Rigmor Clarke speaks at the Mann Art Gallery on June 14, 2019. (Jayda Noyes/Daily Herald)

A Shell Lake artist primarily known for her painting has been named one of the ten 2020 recipients of the Saskatchewan Order of Merit.

Rigmor Clarke, of Shell Lake, had her life’s work celebrated in a retrospective at the Mann Art Gallery in Prince Albert last year.

Clarke moved to BC with her family from their native Sweden when she was 14. In her 20s, she took a train as far as she could, arriving in Shell Lake, meeting her husband John and moving to his farm to start a family.

While she pursued art, it wasn’t until she turned 40 that she began a career as an artist full time.

While she still pursued art, it wasn’t until Rigmor turned 40 that she decided to pursue art full time.  She took art classes with Bob Christie, Myles McDonald and George Glenn, and took art workshops at Emma Lake.

Like when she was young, Clarke was inspired by a sight seen over water. According to a profile written by the Saskatchewan Arts Alliance, she had an epiphany while on a canoe trip on the Churchill River.

“I felt like I was home,” she said prior to the opening of her retrospective last year.

“It was very much like Northern Sweden where I was raised. Sweden is very much like Saskatchewan.”

Northern Saskatchewan, she said, looks much like northern Sweden, while the plains of the southern prairies reminiscent of the Swedish lowlands.

The similarities Clarke sees don’t end there. The Mann Art Gallery show featured a sample of her paintings of ravens. Ravens play an important role in Rigmor’s work — she even named her Shell Lake Quonset studio the Forest Raven Art Studio.

She first became fascinated with the raven when she was growing up and reading Nordic mythology. When she came to Canada, she learned the raven also featured prominently in the oral traditions of Indigenous people. As she explored further, she discovered more and more stories about the raven from the northern portions of the world’s continents.

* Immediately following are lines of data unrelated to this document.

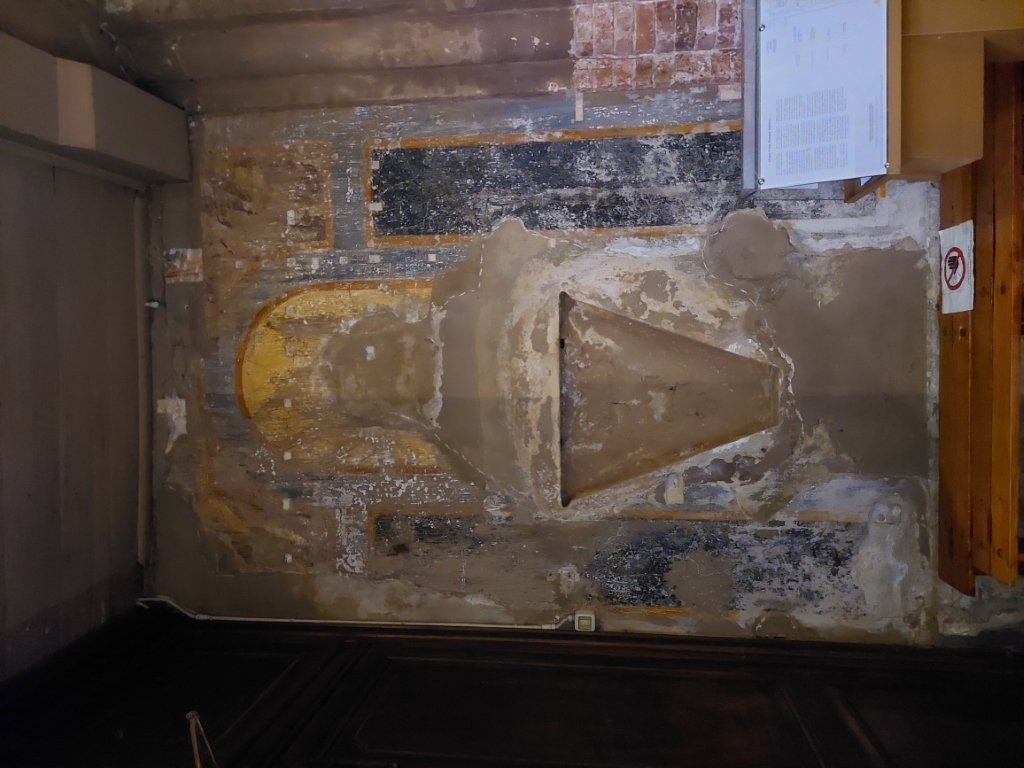Alba - PARROCCHIALE DI SAN GIOVANNI BATTISTA-Tracce di affreschi in controfacciata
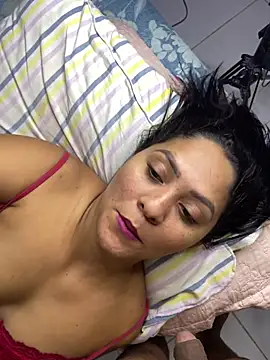 Snapshot of mayemarc chatting on 27, 11, 2025 mayemarc online show from 27, 11, 2025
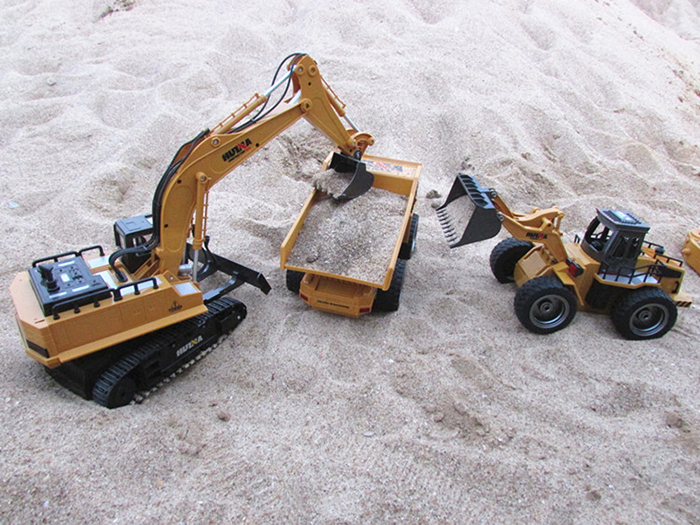 HUINA 1520 1:14 2.4GHz 6CH RC Alloy Truck Construction Vehicle HUINA 1520 1:14 2.4GHz 6CH RC Alloy Truck Construction Vehicle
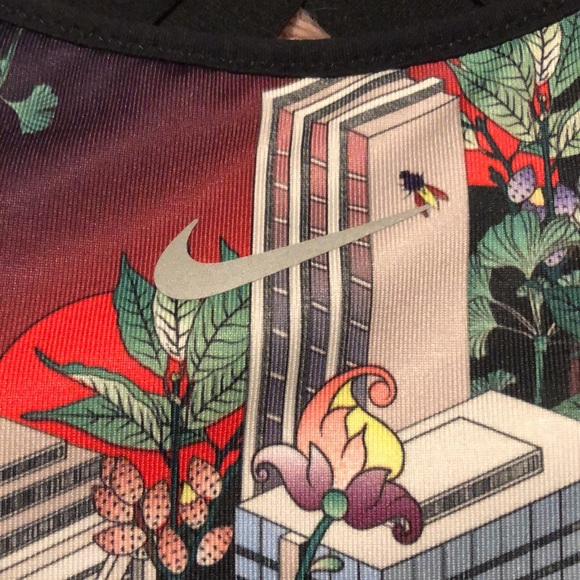 NWT Nike sports bra - Picture 2 of 4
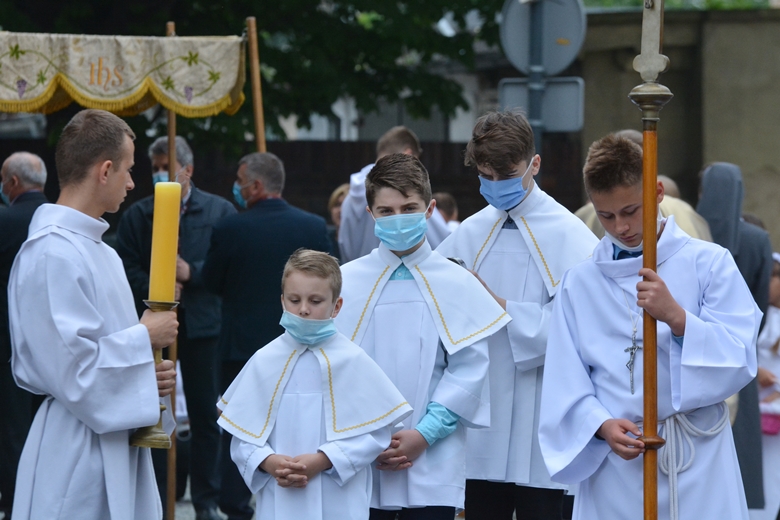 Parafia pw. Podwyższenia Krzyża Świętego 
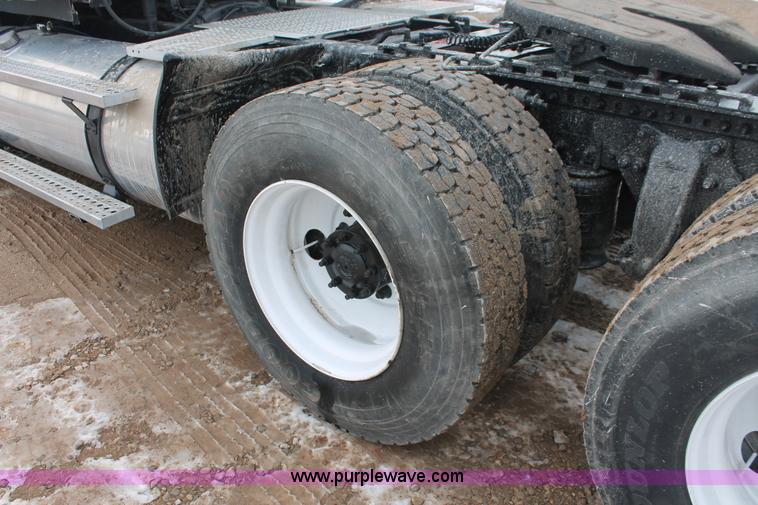 image for item H8361 2004 Freightliner Columbia CL120 semi truck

She is also inspired by the province’s grand landscapes

“Saskatchewan is very beautiful,” she said.

“It’s got tremendous beauty. The variation from the south — I’ve seen the prairies. If I lived on the prairies, I would build on the emptiest, loneliest hill and not let anything grow more than two feet tall. Because the sky comes at you. It’s all around you. It’s very powerful.”

She smiled.

“But I’m a bush painter, not a sky painter.”

Clarke’s Thickwood Hills Studio Trail was the first of its kind in Saskatchewan and continues to flourish.

Several other studio tours have sprung up, taking the lead from the Thickwood Hills Studio Trail.

Even now, at age 85, Clarke remains active in acquiring new skills and carrying out a range of projects.

Clarke’s studio is open — she welcomes artists, tourists and locals, always taking the time to talk about her work, recite the poetry that inspires her and share her love of the landscape.

Clarke, the province said, is an inspiration to the Saskatchewan arts community and one of the most significant and influential artists in Prince Albert and north-central Saskatchewan.

The Order of Merit was established in 1985 to recognize excellence and achievement from outstanding Saskatchewan citizens who have made significant contributions in areas such as the arts, agriculture, business and industry, community leadership, public service, research and volunteer service.

Clarke wasn’t available for comment. The Herald will follow up with Clarke and others in a future edition to further discuss her artistic legacy.